= What the task requires =
Each record should reappear exactly in your answer, minus any picture.

[Stored data Boundary: Start]

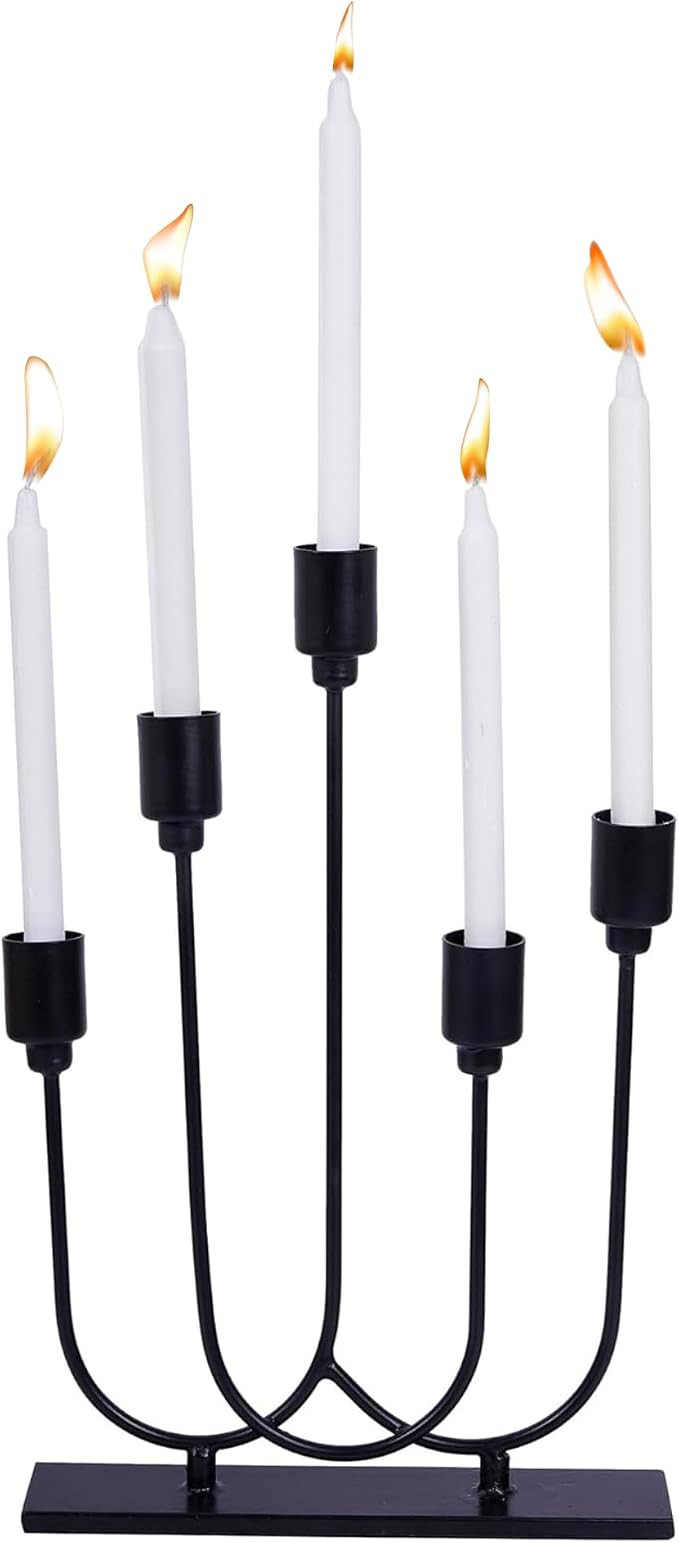 TIED RIBBONS Candlestick Holders | Iron, Set of 3 | Candle Stick Holders | Black Taper Candle Hol... | Amazon (US)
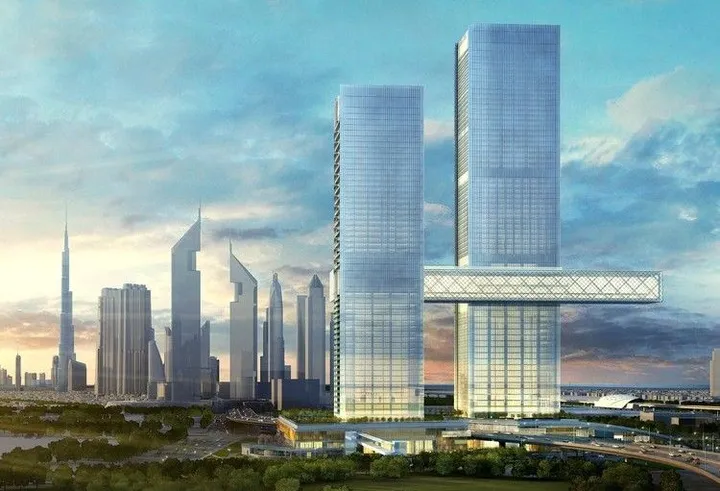 Horizontálny mrakodrap One Za´abeel Tower s najdlhšou konzolou na svete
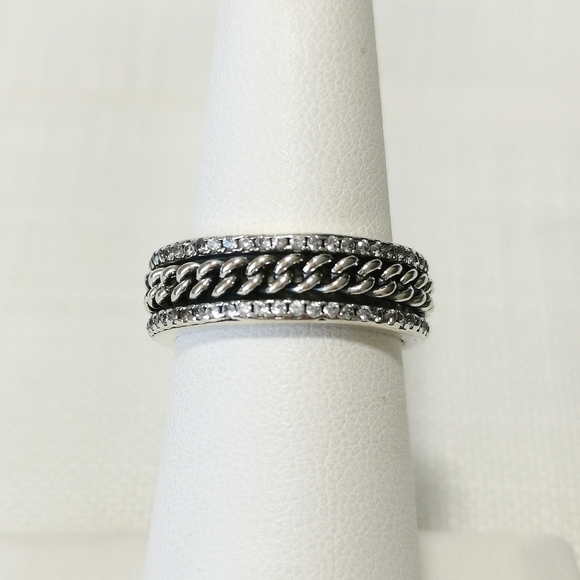 NEW Diamonique CZ eternity band ring size 6.5 - Picture 3 of 10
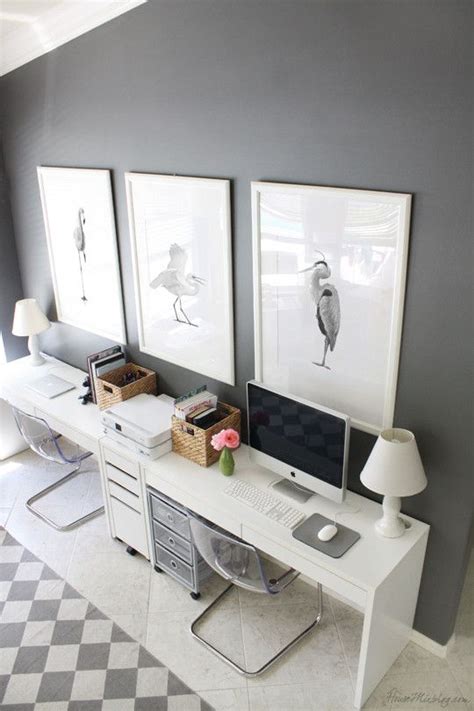 Work in Style: Grey Home Office Ideas | Home Tree Atlas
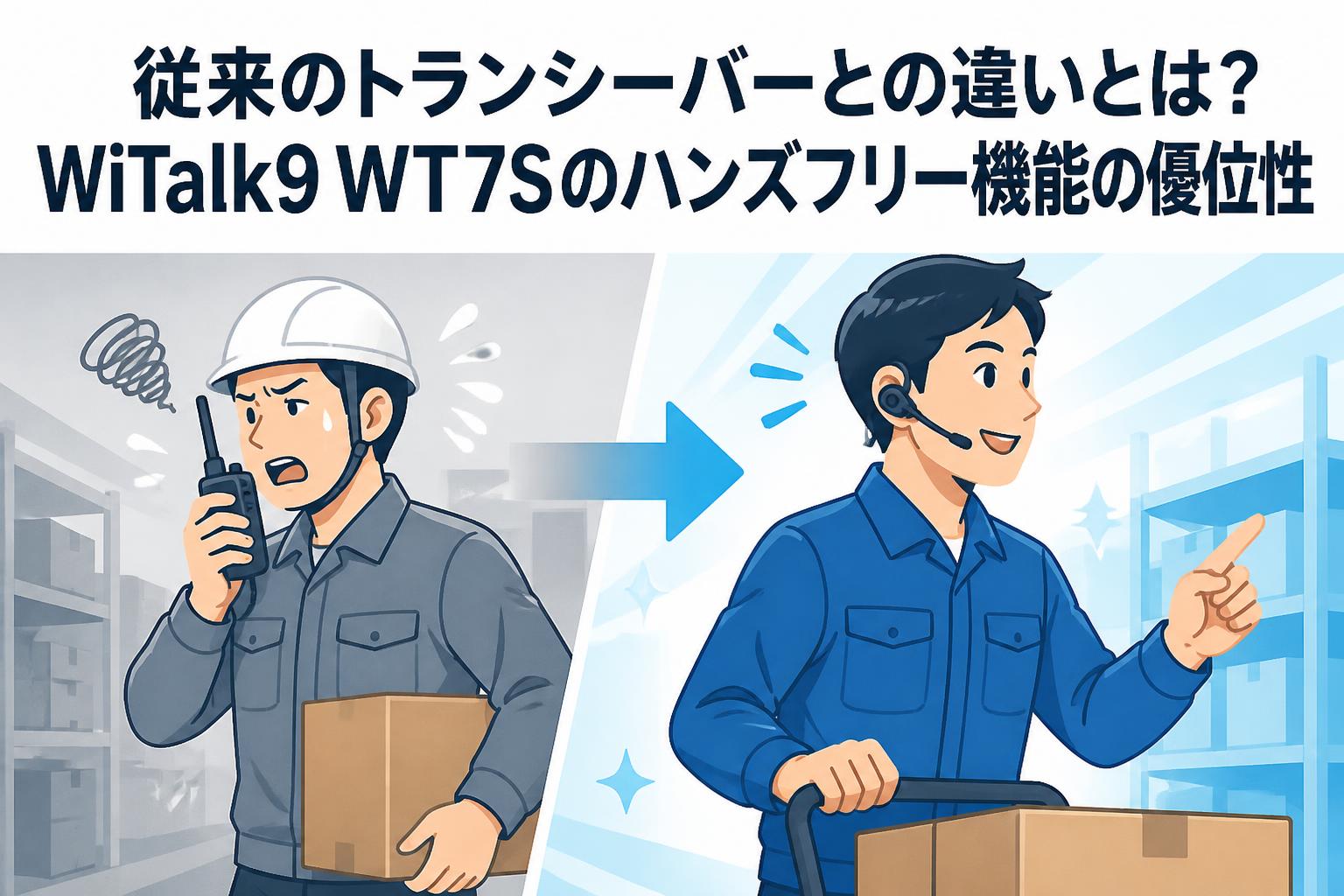 従来のトランシーバーとの違いとは？WiTalk9 WT7Sのハンズフリー機能の優位性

[Stored data Boundary: End]

= Result for this exercise =
 TIED RIBBONS Candlestick Holders | Iron, Set of 3 | Candle Stick Holders | Black Taper Candle Hol... | Amazon (US)
 Horizontálny mrakodrap One Za´abeel Tower s najdlhšou konzolou na svete
 NEW Diamonique CZ eternity band ring size 6.5 - Picture 3 of 10
 Work in Style: Grey Home Office Ideas | Home Tree Atlas
 従来のトランシーバーとの違いとは？WiTalk9 WT7Sのハンズフリー機能の優位性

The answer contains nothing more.